_Source information_
_____

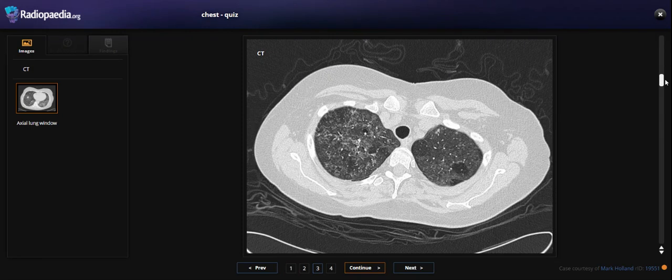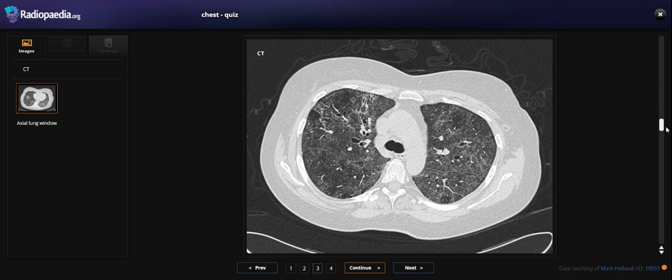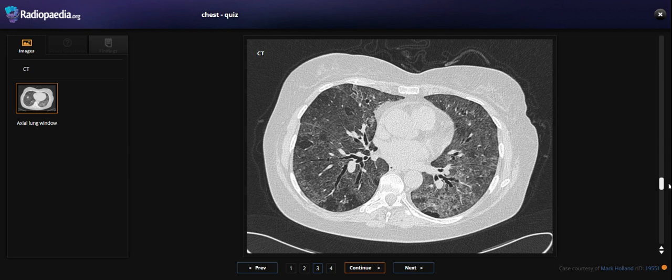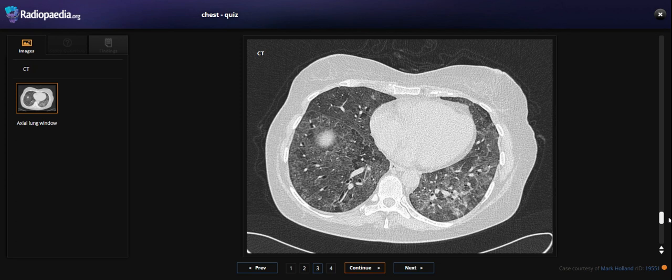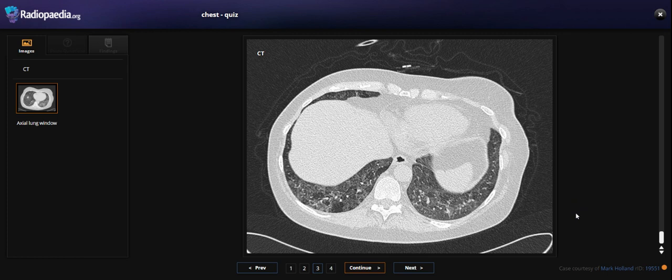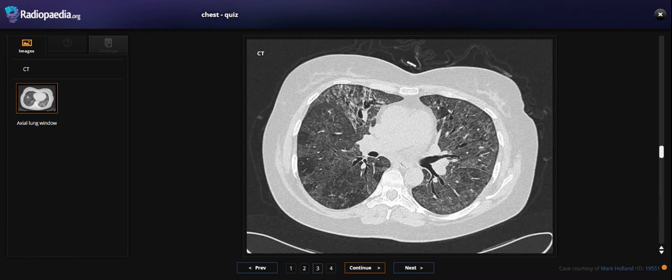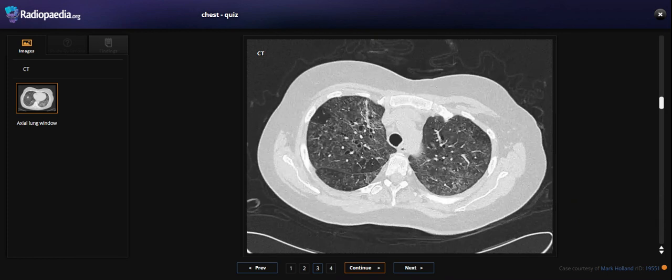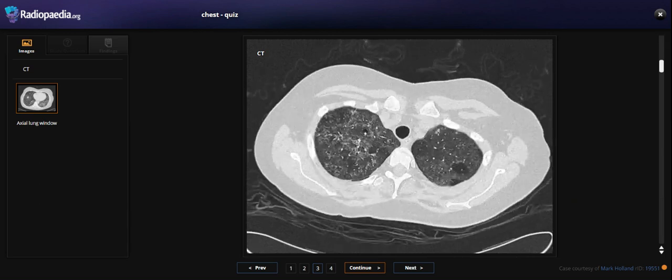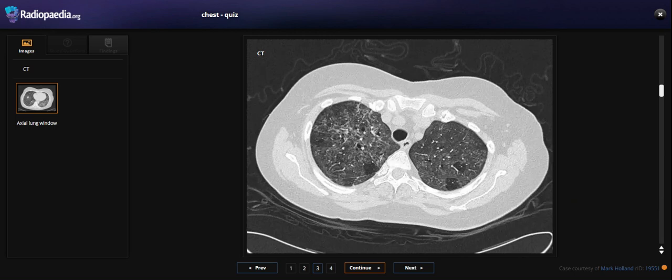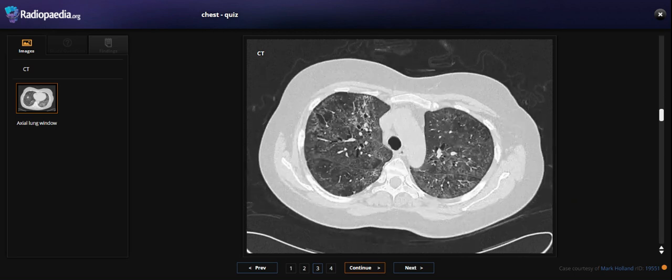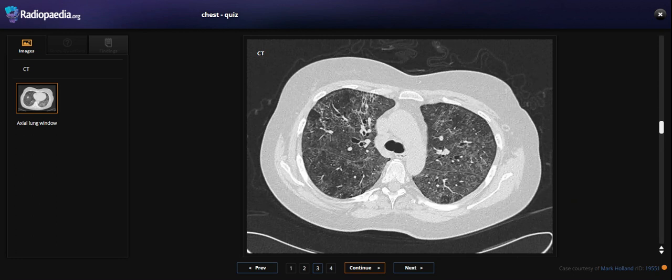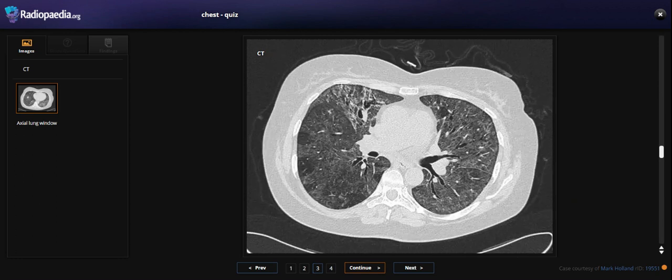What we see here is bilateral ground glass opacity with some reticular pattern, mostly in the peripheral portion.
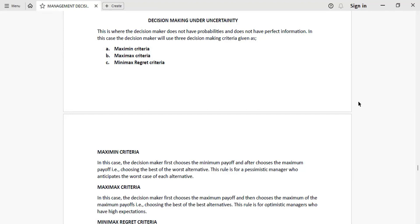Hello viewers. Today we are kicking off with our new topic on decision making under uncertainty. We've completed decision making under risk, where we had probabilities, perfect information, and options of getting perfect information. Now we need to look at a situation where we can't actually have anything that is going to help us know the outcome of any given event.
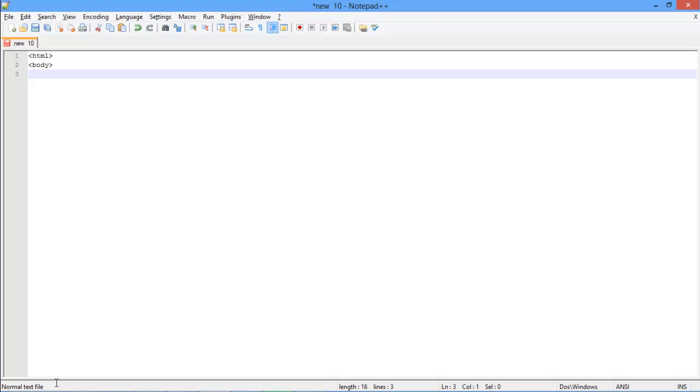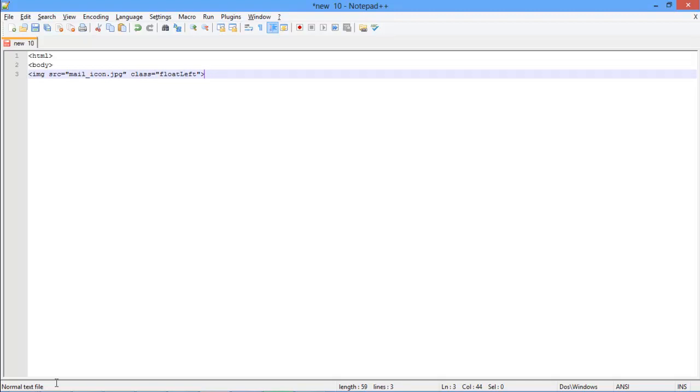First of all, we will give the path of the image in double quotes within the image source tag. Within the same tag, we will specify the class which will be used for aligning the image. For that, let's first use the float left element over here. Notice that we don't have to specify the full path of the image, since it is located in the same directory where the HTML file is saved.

_____

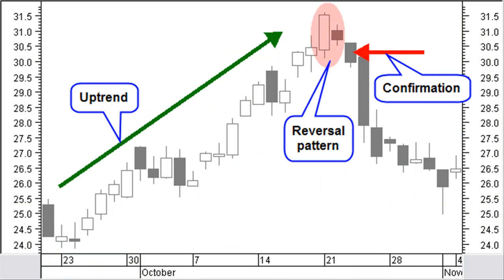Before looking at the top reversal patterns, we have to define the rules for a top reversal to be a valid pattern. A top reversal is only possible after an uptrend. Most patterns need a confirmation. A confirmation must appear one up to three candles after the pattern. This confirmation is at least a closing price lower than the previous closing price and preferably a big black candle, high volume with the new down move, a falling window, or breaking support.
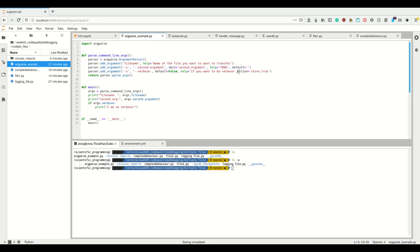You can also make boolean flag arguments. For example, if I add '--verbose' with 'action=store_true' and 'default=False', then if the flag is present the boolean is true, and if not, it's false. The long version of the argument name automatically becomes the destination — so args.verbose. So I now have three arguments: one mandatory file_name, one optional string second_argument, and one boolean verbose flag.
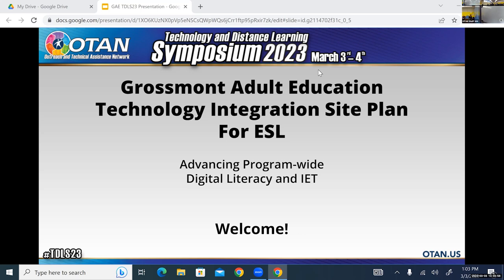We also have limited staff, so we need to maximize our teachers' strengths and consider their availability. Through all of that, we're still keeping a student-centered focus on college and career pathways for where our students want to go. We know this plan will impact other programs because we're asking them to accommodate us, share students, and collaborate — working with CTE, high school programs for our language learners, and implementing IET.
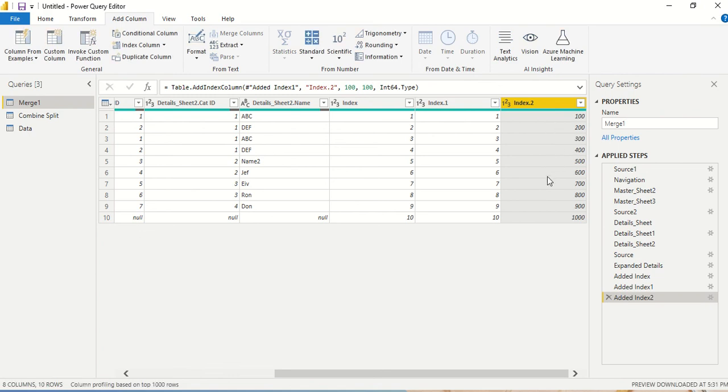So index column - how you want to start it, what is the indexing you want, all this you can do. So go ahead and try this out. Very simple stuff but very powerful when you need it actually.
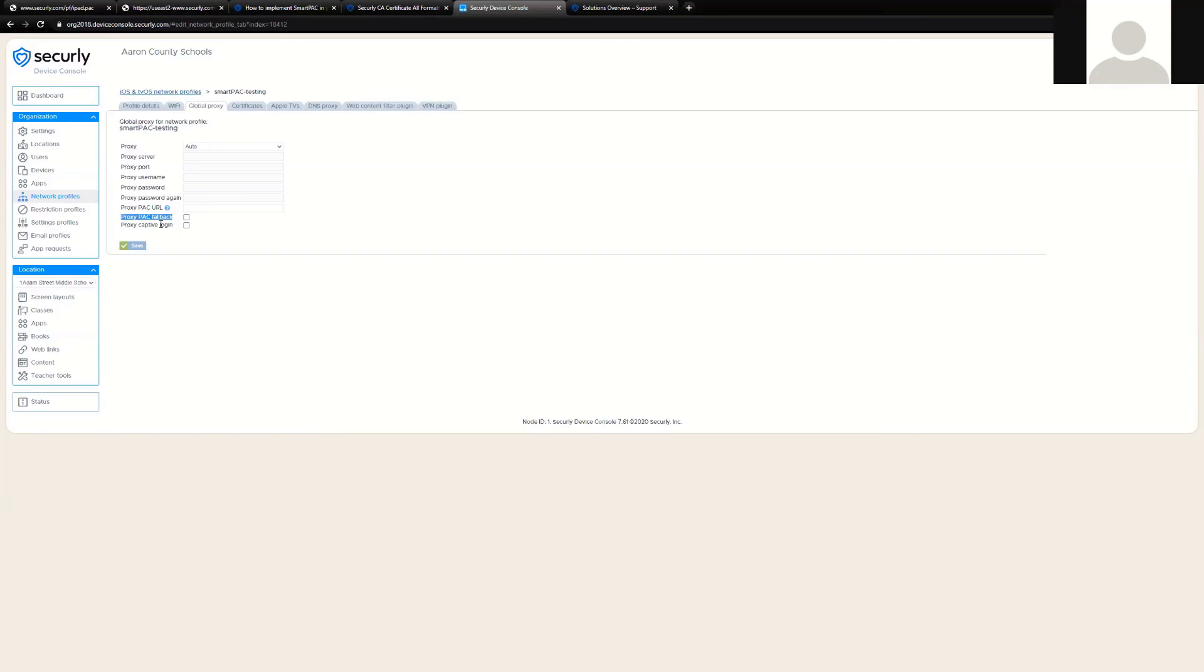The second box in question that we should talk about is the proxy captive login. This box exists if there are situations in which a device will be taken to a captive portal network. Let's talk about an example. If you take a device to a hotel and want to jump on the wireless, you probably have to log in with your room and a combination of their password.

_____

A word-for-word reproduction is needed of the lines above from the line containing "Hello viewers. Today" through the line containing "First of all, we", with both ends kept and no pictures.

Hello viewers. Today we are kicking off with our new topic on decision making under uncertainty. We've completed decision making under risk, where we had probabilities, perfect information, and options of getting perfect information. Now we need to look at a situation where we can't actually have anything that is going to help us know the outcome of any given event.
First of all, we will give the path of the image in double quotes within the image source tag. Within the same tag, we will specify the class which will be used for aligning the image. For that, let's first use the float left element over here. Notice that we don't have to specify the full path of the image, since it is located in the same directory where the HTML file is saved.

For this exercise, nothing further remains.